● Information supplied:
____________________

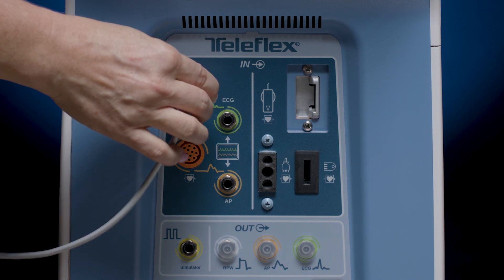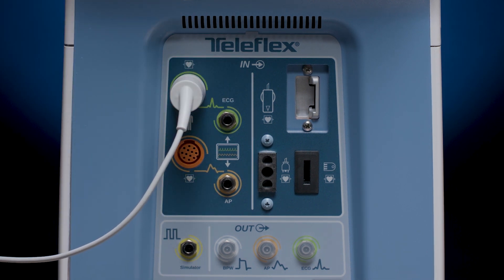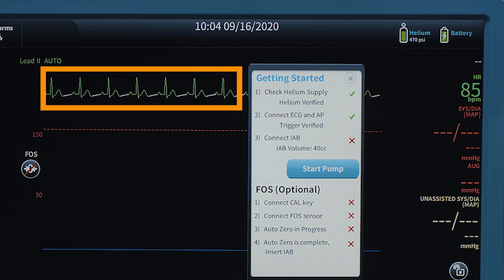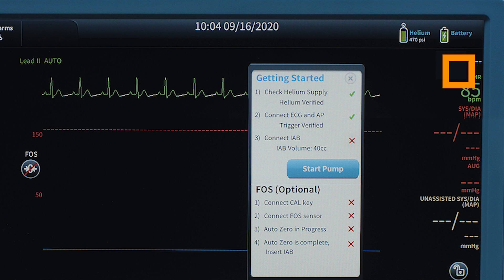Establish direct ECG connection via chest electrodes. For consistent triggering, it is important to verify the ECG signal is adequate. White overlays on the ECG trace and a red heart symbol icon flashing with each heartbeat indicates the presence of a triggering signal.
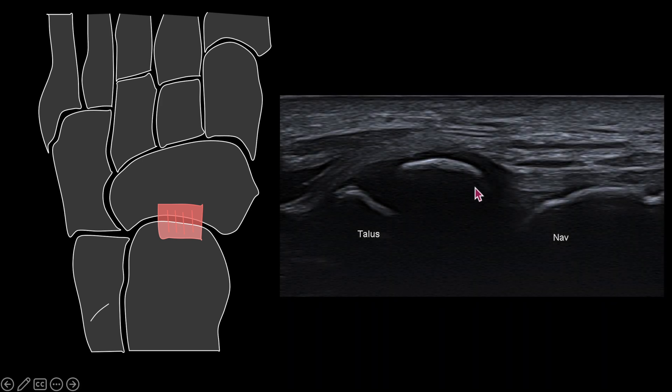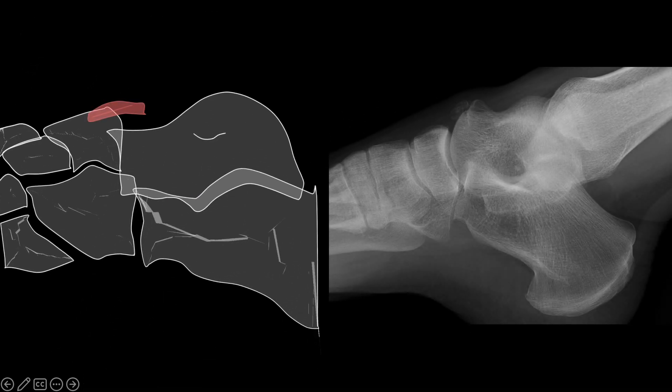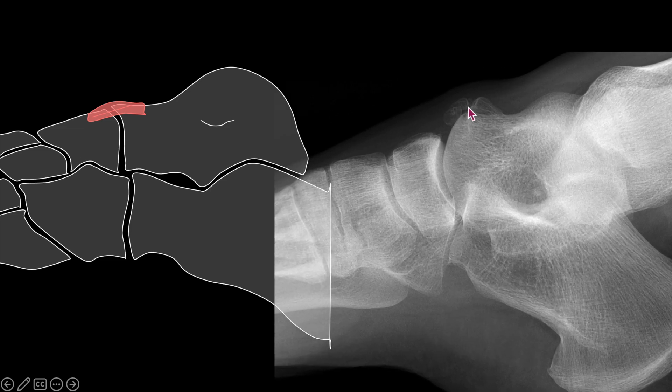Some pitfalls to be aware of include the os supra naviculare, an accessory ossicle not to be mistaken for an avulsion fracture. This is the x-ray correlate which shows an os supra naviculare.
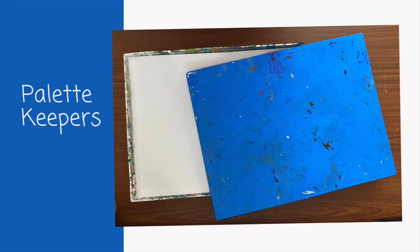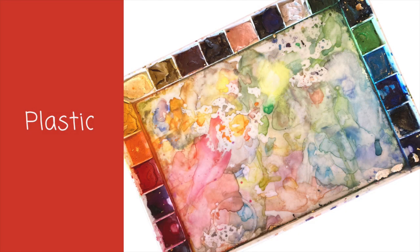Palette keepers, especially the ones with paper inserts, are great when you're painting off-site. And plastic palettes — I use these mostly for watercolor.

____________________

Could you return the listing above exactly, minus its pictures?

● Solution for this problem:
Establish direct ECG connection via chest electrodes. For consistent triggering, it is important to verify the ECG signal is adequate. White overlays on the ECG trace and a red heart symbol icon flashing with each heartbeat indicates the presence of a triggering signal.
Some pitfalls to be aware of include the os supra naviculare, an accessory ossicle not to be mistaken for an avulsion fracture. This is the x-ray correlate which shows an os supra naviculare.
Palette keepers, especially the ones with paper inserts, are great when you're painting off-site. And plastic palettes — I use these mostly for watercolor.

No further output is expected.